Leaving out the pictures, please reproduce exactly and only the lines from the one that contains "KAWASAKI-VERSYS ABS-2026" through the last line below.

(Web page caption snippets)
▼

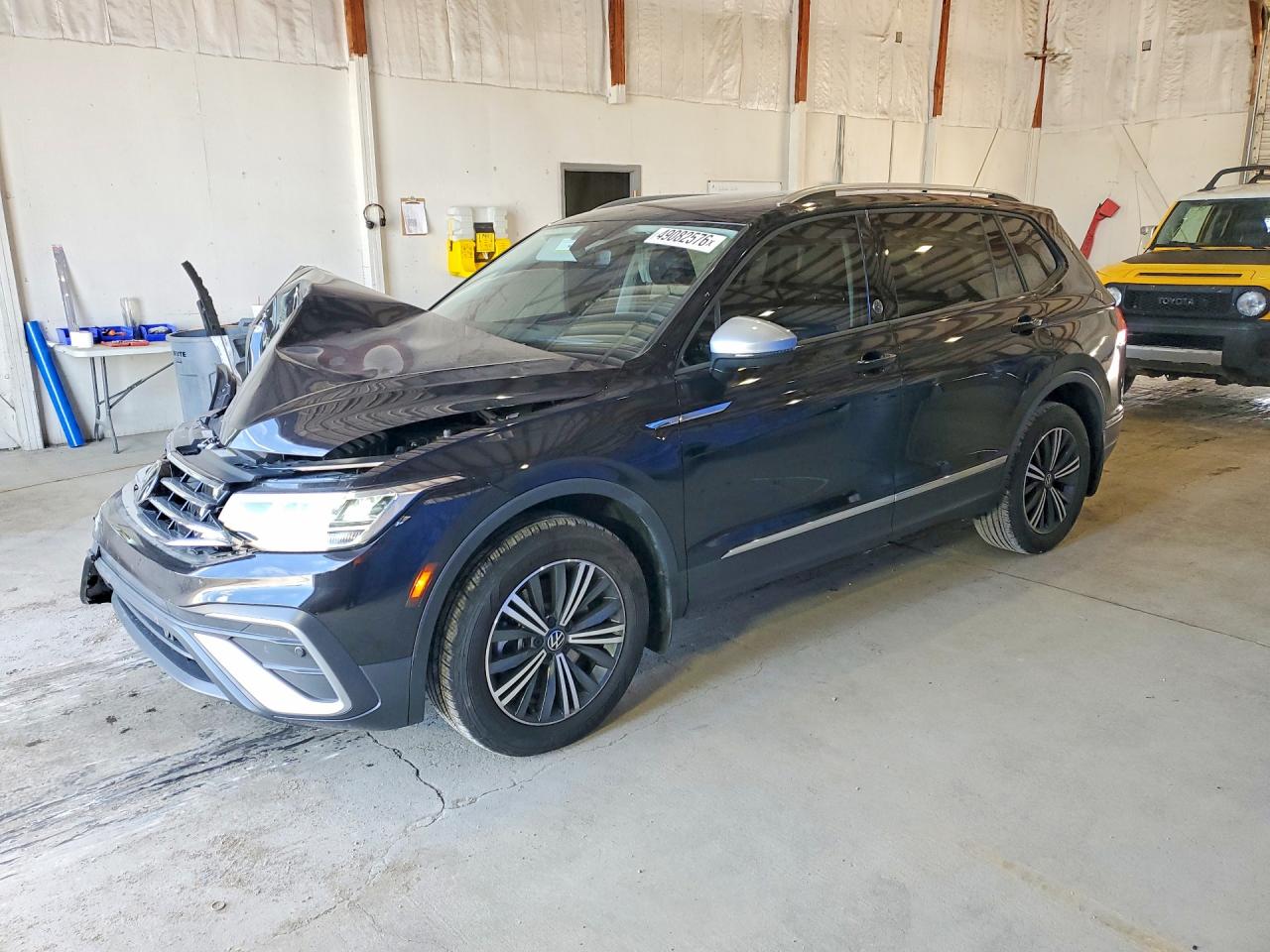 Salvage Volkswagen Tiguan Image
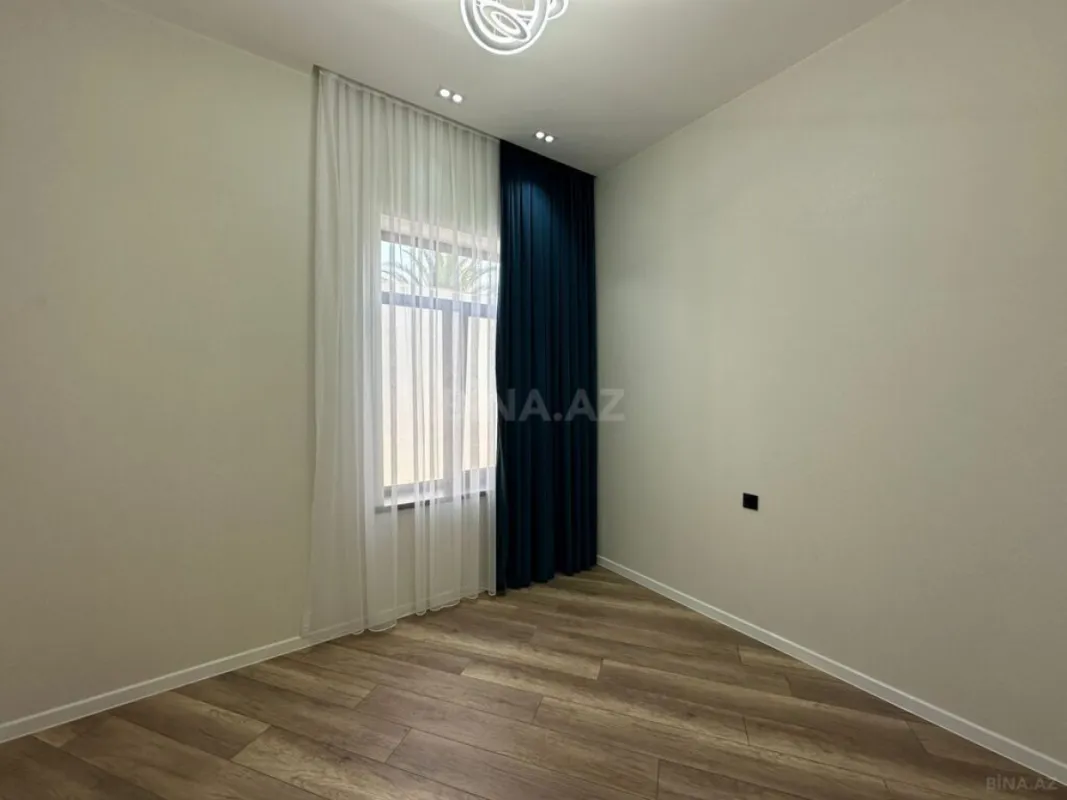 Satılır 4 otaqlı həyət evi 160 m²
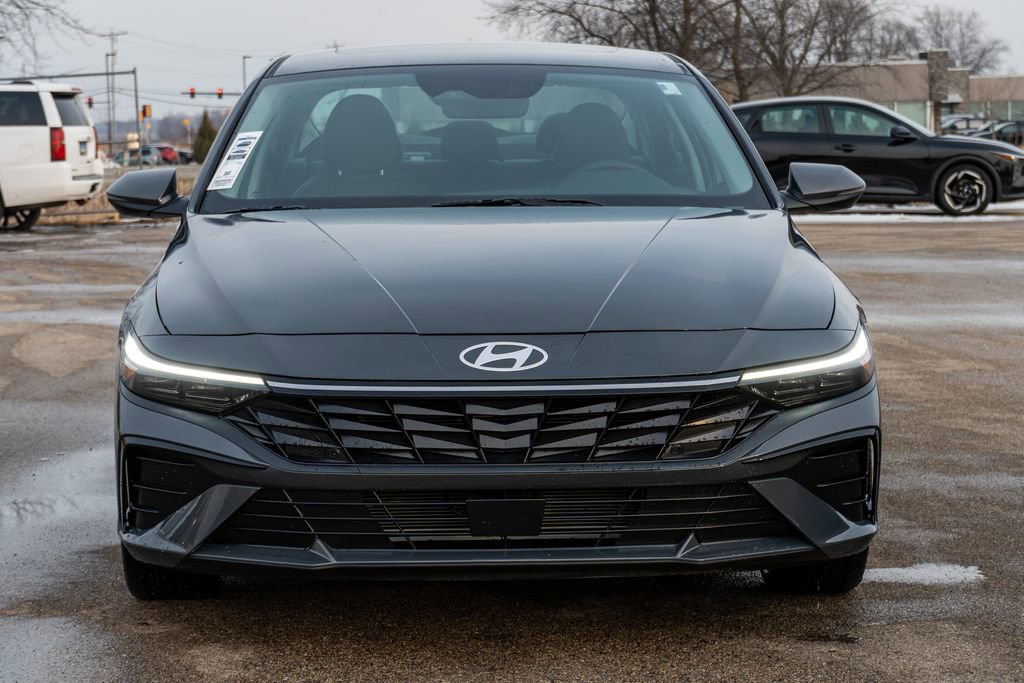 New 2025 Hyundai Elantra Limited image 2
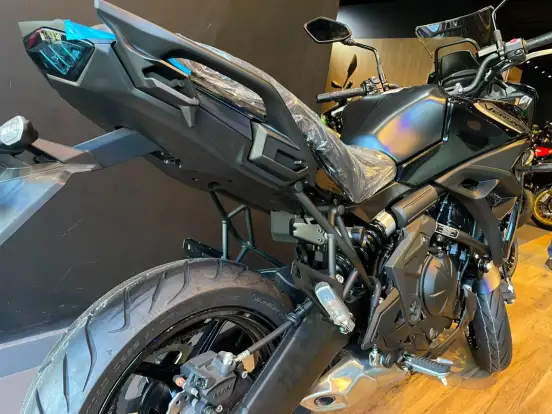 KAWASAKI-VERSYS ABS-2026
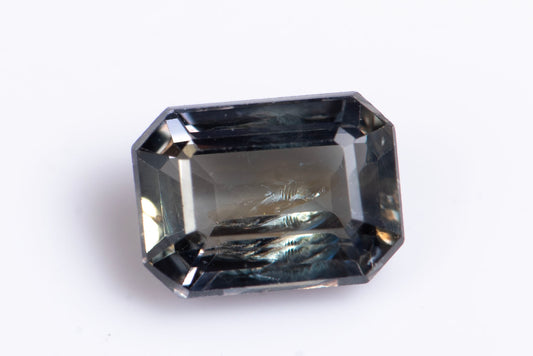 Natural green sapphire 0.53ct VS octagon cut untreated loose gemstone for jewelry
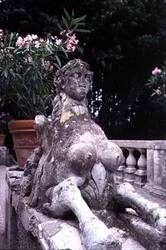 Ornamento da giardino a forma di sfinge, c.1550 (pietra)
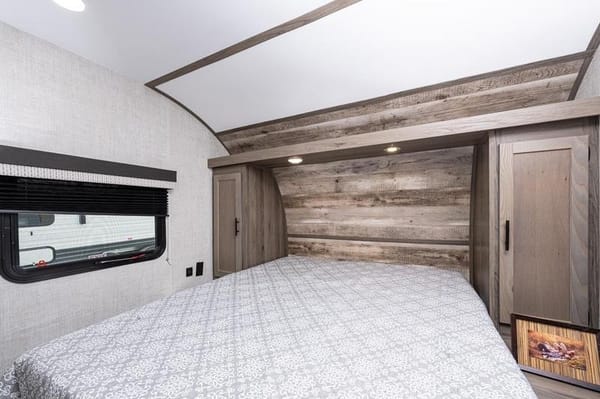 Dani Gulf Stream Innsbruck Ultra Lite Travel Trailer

▲

## Result of the exercise
 KAWASAKI-VERSYS ABS-2026
 Natural green sapphire 0.53ct VS octagon cut untreated loose gemstone for jewelry
 Ornamento da giardino a forma di sfinge, c.1550 (pietra)
 Dani Gulf Stream Innsbruck Ultra Lite Travel Trailer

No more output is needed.